Search code examples
rubyweb-scrapingnokogiri

Web Scraping with Nokogiri::HTML and Ruby - How to get output into an array?


I've just started with nokogiri to scrape info from a site and can't figure out how to get the following done. I have some HTML code I want to scrape:

    <div class="compatible_vehicles">
    <div class="heading">
    <h3>Compatible Vehicles</h3>
    </div><!-- .heading -->
    <ul>
            <li>
        <p class="label">Type1</p>
        <p class="data">All</p>
    </li>
    <li>
        <p class="label">Type2</p>
      <p class="data">All</p>
    </li>
    <li>
        <p class="label">Type3</p>
      <p class="data">All</p>
    </li>
    <li>
        <p class="label">Type4</p>
      <p class="data">All</p>
    </li>
    <li>
        <p class="label">Type5</p>
      <p class="data">All</p>
    </li>
    </ul>
    </div><!-- .compatible_vehicles -->

And I've managed to get the output I want on my screen with this:

    i = 0
     doc.css('div > .compatible_vehicles > ul > li').each do |item|  
      label = item.at_css(".label").text
      data = item.at_css(".data").text
     print "#{label} - #{data}" + ','
    end  
    i += 1

This gives me a list like this: Type1 - All,Type2 - All,Type3 - All,Type4 - All,Type5 - All, on the screen.

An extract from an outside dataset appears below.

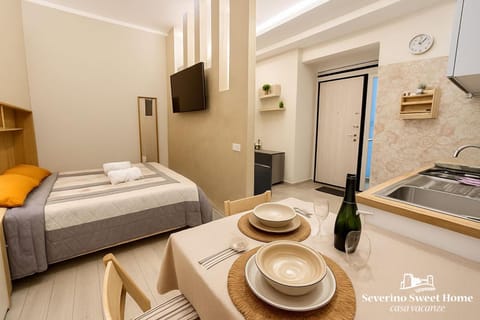 Bed, Living room, Seating area, Dining area, Bedroom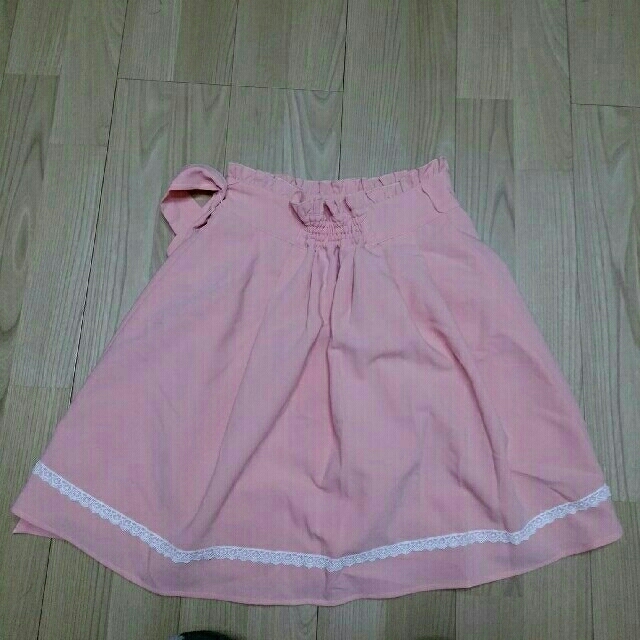 スカート　Ｍサイズ　春夏　サーモンピンク レディースのスカート(ひざ丈スカート)の商品写真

Now I want to get this value in an array to be able to save it to a CSV file. I've tried few things but most of the tries I get an 'Can't convert String to Array' error. Hope someone can help me out with this!


Solution

  • Starting with the HTML:

    html = '
    <div class="compatible_vehicles">
        <div class="heading">
            <h3>Compatible Vehicles</h3>
        </div><!-- .heading -->
        <ul>
            <li>
            <p class="label">Type1</p>
            <p class="data">All</p>
            </li>
            <li>
            <p class="label">Type2</p>
            <p class="data">All</p>
            </li>
            <li>
            <p class="label">Type3</p>
            <p class="data">All</p>
            </li>
            <li>
            <p class="label">Type4</p>
            <p class="data">All</p>
            </li>
            <li>
            <p class="label">Type5</p>
            <p class="data">All</p>
            </li>
        </ul>
    </div><!-- .compatible_vehicles -->
    '
    

    Parsing it with Nokogiri and looping over the <li> tags to get their <p> tag contents:

    require 'nokogiri'
    
    doc = Nokogiri::HTML(html)
    data = doc.search('.compatible_vehicles li').map{ |li|
      li.search('p').map { |p| p.text }
    }
    

    Returns an array of arrays:

    => [["Type1", "All"], ["Type2", "All"], ["Type3", "All"], ["Type4", "All"], ["Type5", "All"]]
    

    From there you should be able to plug that into the examples for the CSV class and get it to work with no trouble.

    Now, compare your code to output to the fields to the screen to this:

    data.map{ |a| a.join(' - ') }.join(', ')
    => "Type1 - All, Type2 - All, Type3 - All, Type4 - All, Type5 - All"
    

    All I'd have to do is puts and it'd print correctly.

    It's really important to think about returning useful data structures. In Ruby, hashes and arrays are very useful, because we can iterate over them and massage them into many forms. It'd be trivial, from the array of arrays, to create a hash:

    Hash[data]
    => {"Type1"=>"All", "Type2"=>"All", "Type3"=>"All", "Type4"=>"All", "Type5"=>"All"}
    

    Which would make it really easy to do lookups.